Kekayaan Nusantara : Kopi




                 Saya menulis ini tanpa kopi. Kopi saya sudah habis, tinggal menyisakan dedaknya saja. Dan saya belum ada niatan untuk menyeduh kopi toraja arabika persediaan dirumah lagi. Mungkin karena saya sudah minum espresso hari ini, dan jantung saya berdegup lebih cepat dari biasanya. Oke, mari kita mulai dengan sedikit serius.
                Ketika sebuah pertanyaan dilemparkan pada saya, “Menurut kamu, yang paling Indonesia itu, apa?”. Maka yang pertama kali terlintas dikepala saya adalah kopi. Kenapa kopi? Em… Indonesia adalah negara kepulauan terbesar didunia, dengan jumlah pulau yang tercatat sebanyak 13.487.  Terletak diantara dua benua dan dua samudera menjadikan Indonesia tempat yang sangat potensial. Potensial untuk berbagai hal. Salah satunya untuk menanam kopi. Bahkan dari kedua spesies yang paling terkenal, yaitu arabika dan robusta. Dengan kondisi Indonesia yang beriklim tropis dan berbukit kopi tumbuh dengan subur dan menghasilkan varietas yang tidak bisa dianggap remeh kualitasnya.

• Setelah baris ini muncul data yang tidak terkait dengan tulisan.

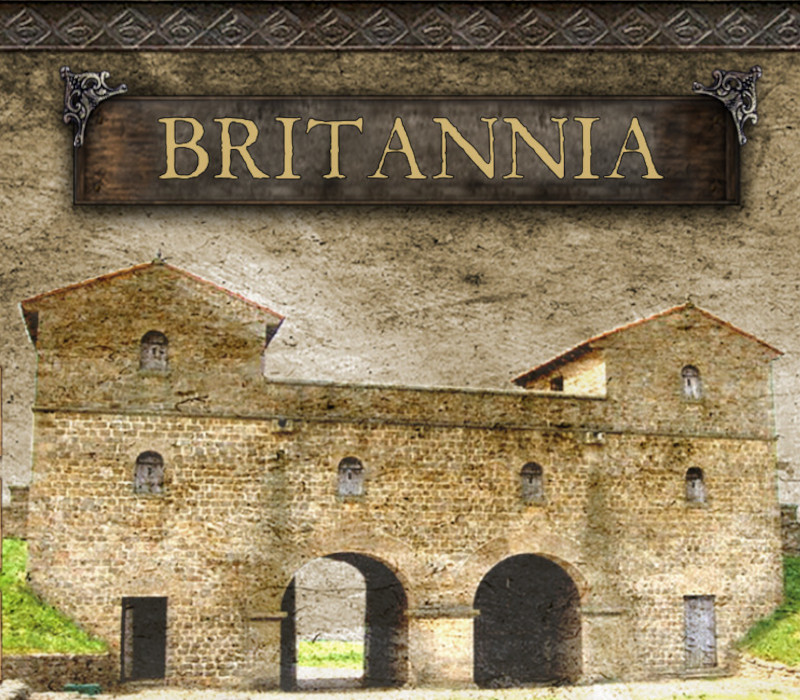 

Britannia Steam CD Key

                Dari Sabang sampai Merauke tersebar jenis-jenis kopi yang rasanya sangat khas. Saya tidak akan langsung membahas kopi luwak yang saat ini sangat terkenal dimana-mana. Rasa-rasanya jangan mengaku peminum kopi yang kekinian jika belum mencoba kopi luwak yang harganya lebih mahal jika dibandingkan dengan kopi lain.

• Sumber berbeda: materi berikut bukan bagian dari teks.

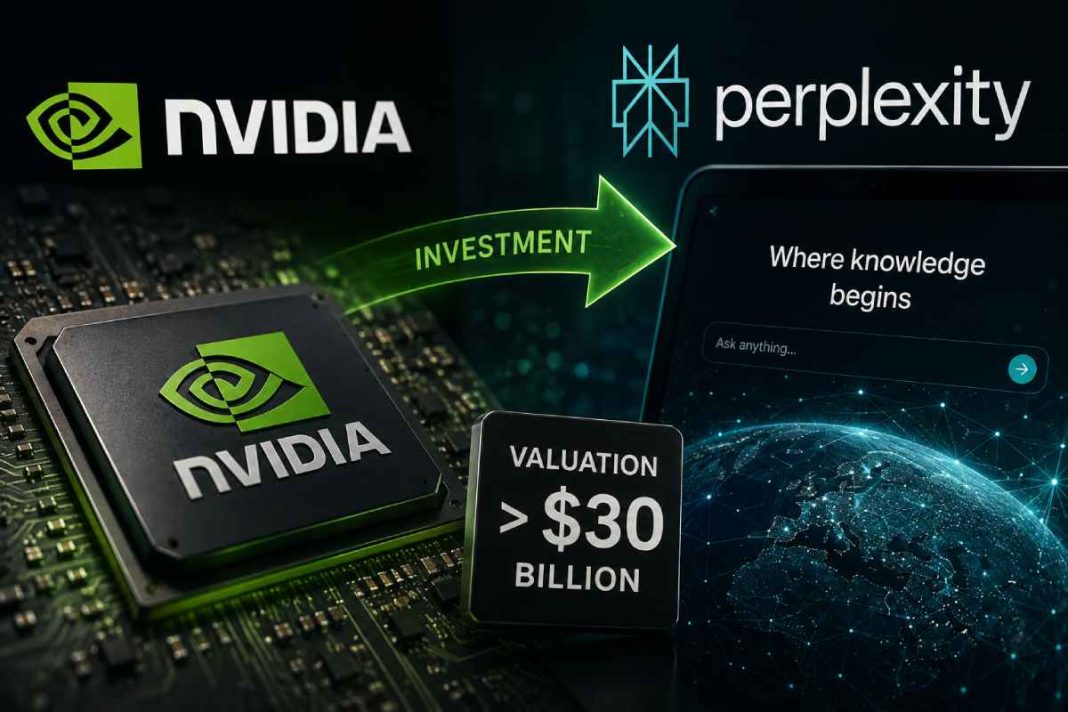 Nvidia i Perplexity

                Saya beberapa kali bertamasya, keliling Indonesia. Tidak secara langsung, tapi dari kopi-kopi khas dari pulau-pulau Indonesia yang saya dapatkan dari kerabat atau teman yang mengetahui kegemaran saya terhadap kopi. Pertama, dari pulau Sumatera saja, ada kopi Mandailing, Lintong dan Gayo. Saya sangat suka kopi Gayo. Diseduh dengan tambahan gula merah. Membayangkan aromanya saja saya sudah tersenyum. Entah mengapa kopi gayo mengingatkan saya pada wangi tanah pasca hujan.  Secara ajaib sangat romantis. Lalu di pulau jawa, terkenal dengan kopi jawa atau di mancanegara mungkin kopi java. Salah satu pengolah kopi jawa favorit saya: Kopi Banceuy. Wah…. Menghirup aroma kopi robusta banceuy itu seperti curi hirup wangi surga. Atau masuk ke mesin waktu dan minum kopi dijaman kolonial Belanda dari beranda perpustakaan milik Gubernur Batavia.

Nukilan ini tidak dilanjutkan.